Data for analysis Start Marker
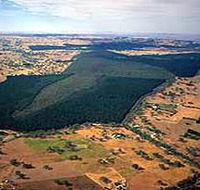 Mount Crawford Forest Reserve - Tourism Cairns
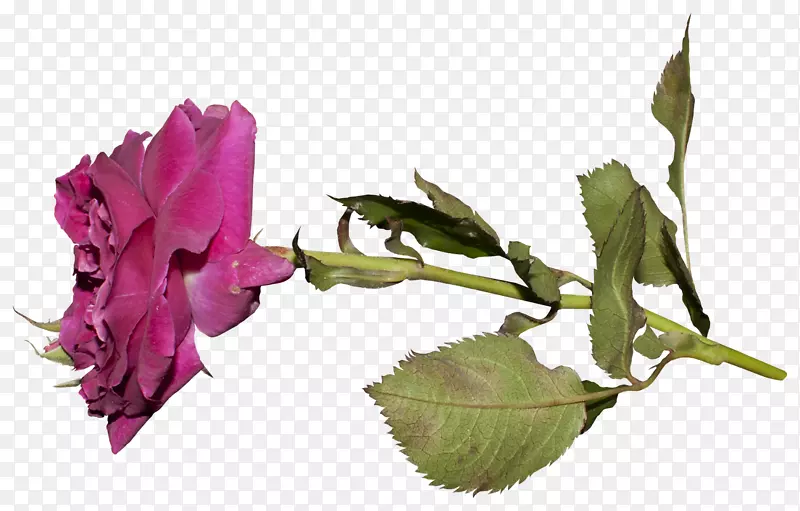 花园玫瑰切花，芽，植物茎百合-乔安妮纽扣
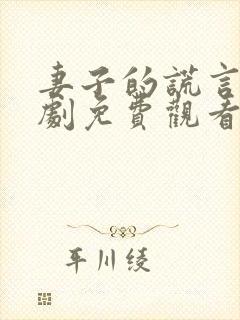 妻子的谎言电视剧免费观看全集
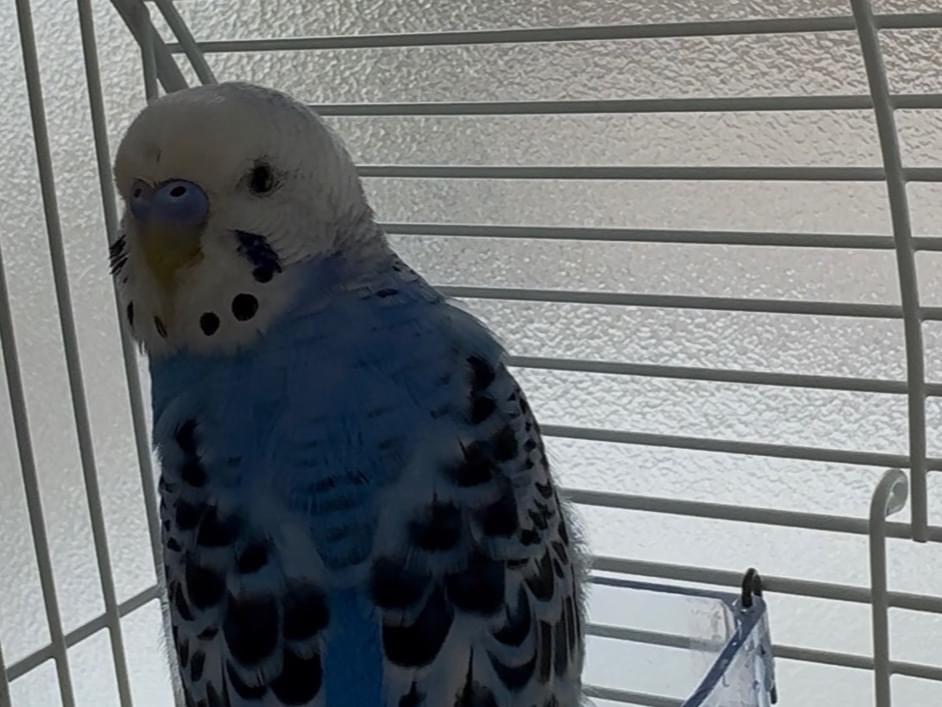 保護された鳥 保護された鳥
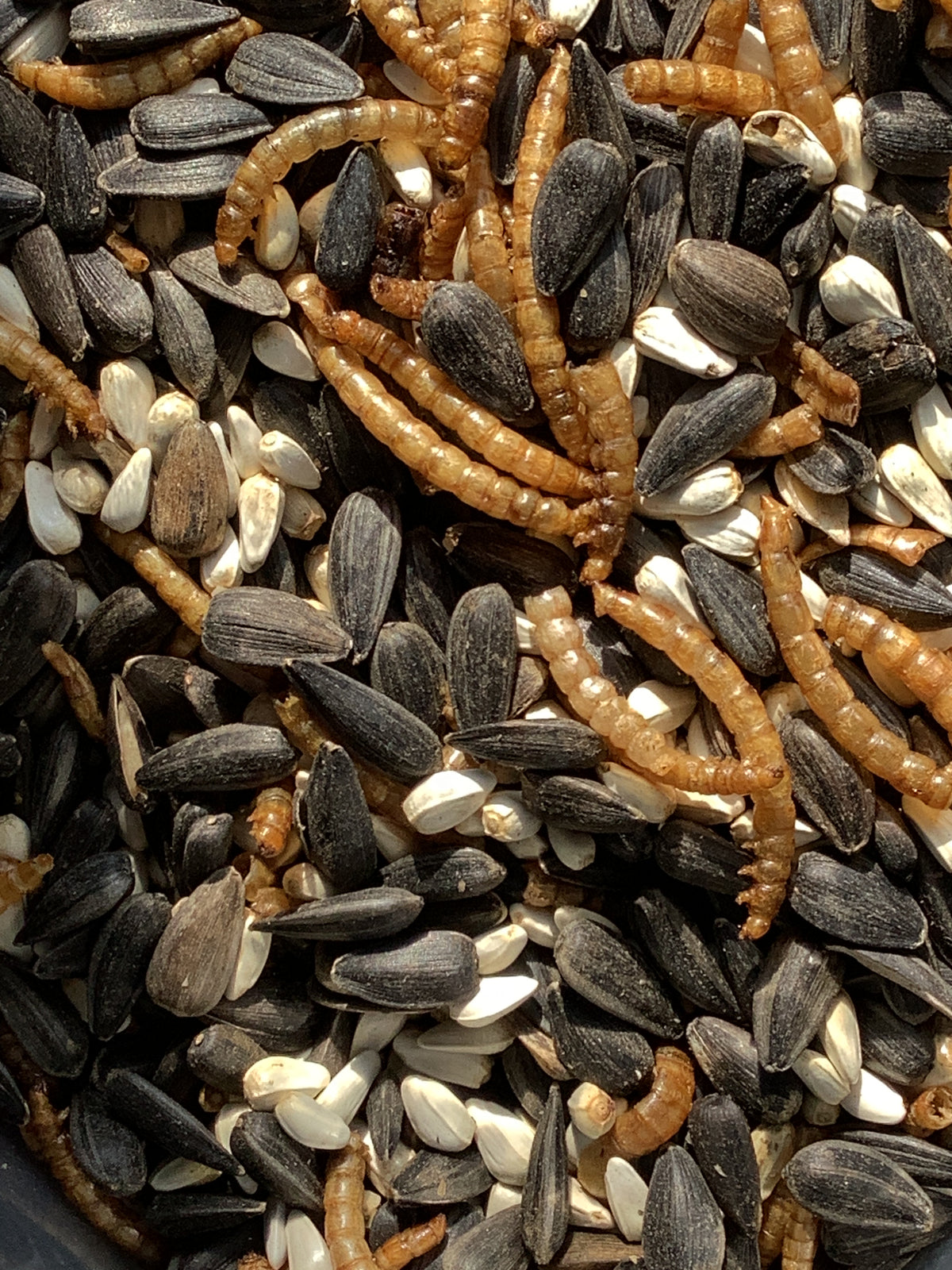 Wild Bird Seed: SongBird Deluxe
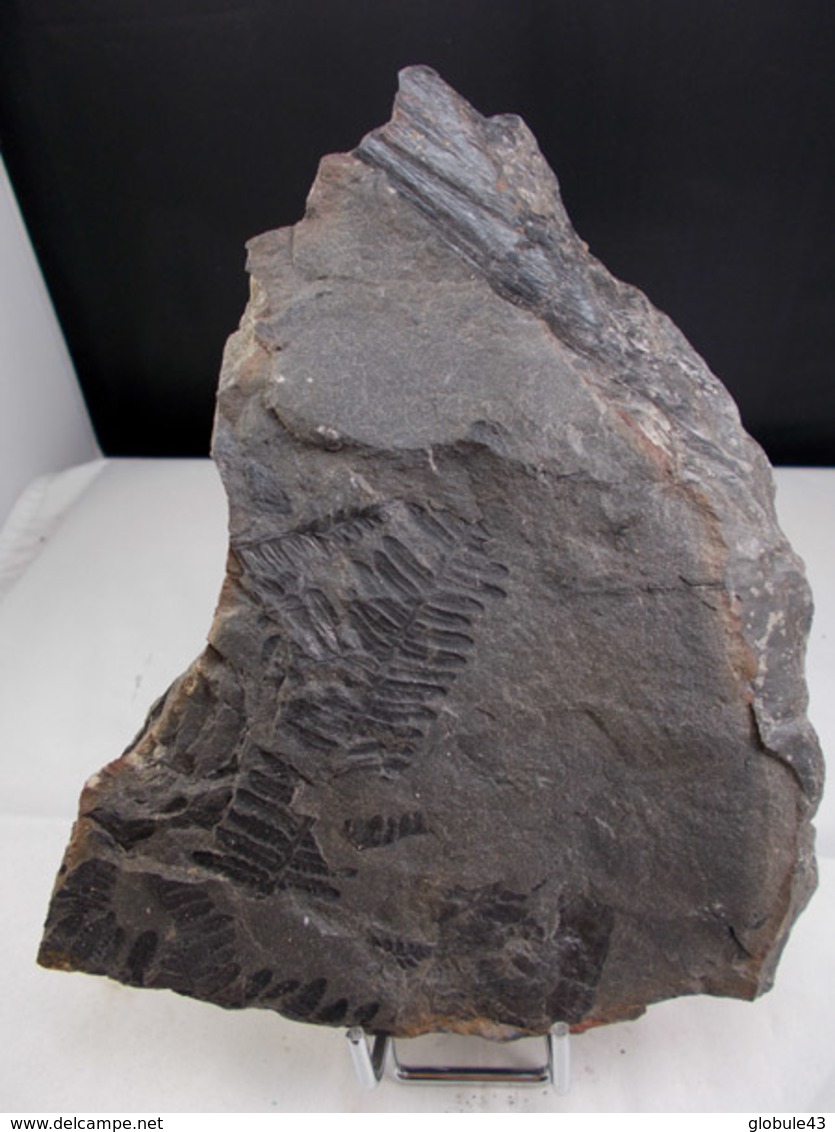 PECOPTERIS ET ROSEAU ? (RV) 15, X 10, Cm BASSIN CARBONIFERE DE GAGNAIRE - Minerali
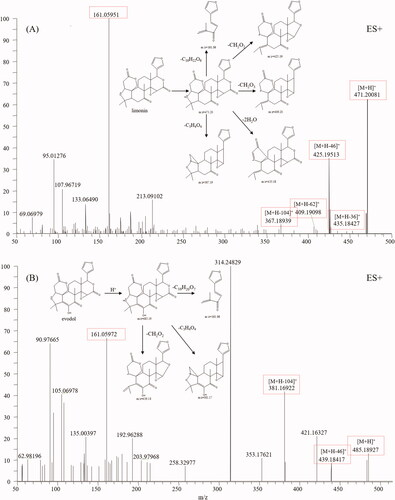 Figure 7. Typical mass spectrum and proposed fragmentation pathways of limonoids: limonin (A) and evodol (B).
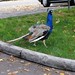 Michelle Peacock Photo 41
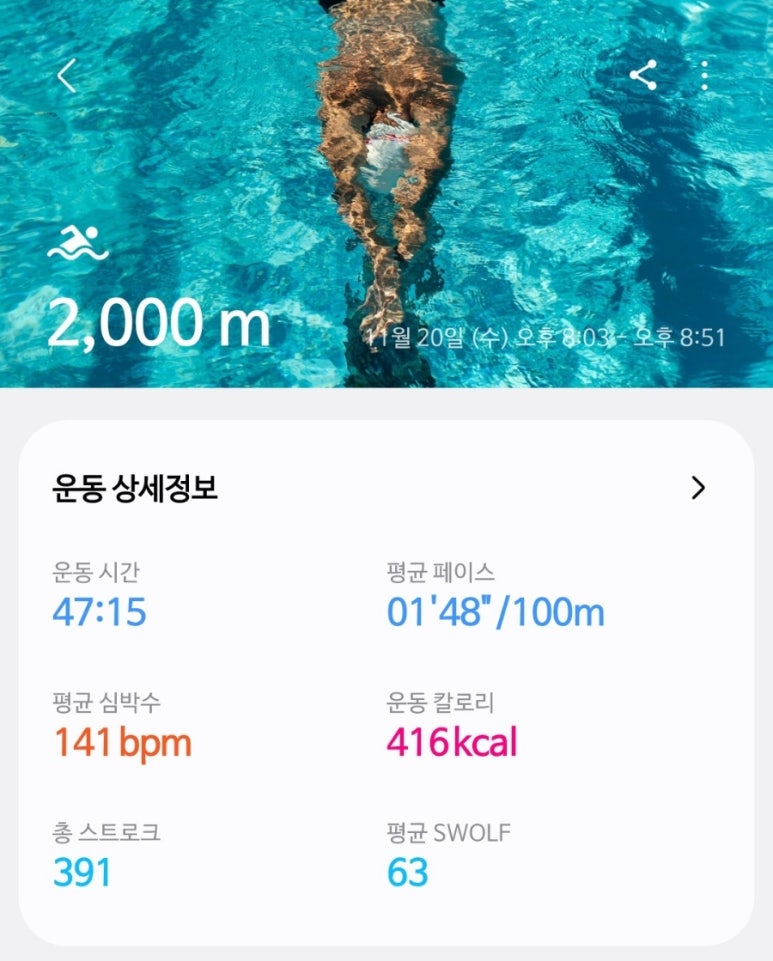 수영114 이미지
Data for analysis End Marker
From the first line above to the last, reproduce the records exactly but without the pictures.

- [Task solution]:
 Mount Crawford Forest Reserve - Tourism Cairns
 花园玫瑰切花，芽，植物茎百合-乔安妮纽扣
 妻子的谎言电视剧免费观看全集
 保護された鳥 保護された鳥
 Wild Bird Seed: SongBird Deluxe
 PECOPTERIS ET ROSEAU ? (RV) 15, X 10, Cm BASSIN CARBONIFERE DE GAGNAIRE - Minerali
 Figure 7. Typical mass spectrum and proposed fragmentation pathways of limonoids: limonin (A) and evodol (B).
 Michelle Peacock Photo 41
 수영114 이미지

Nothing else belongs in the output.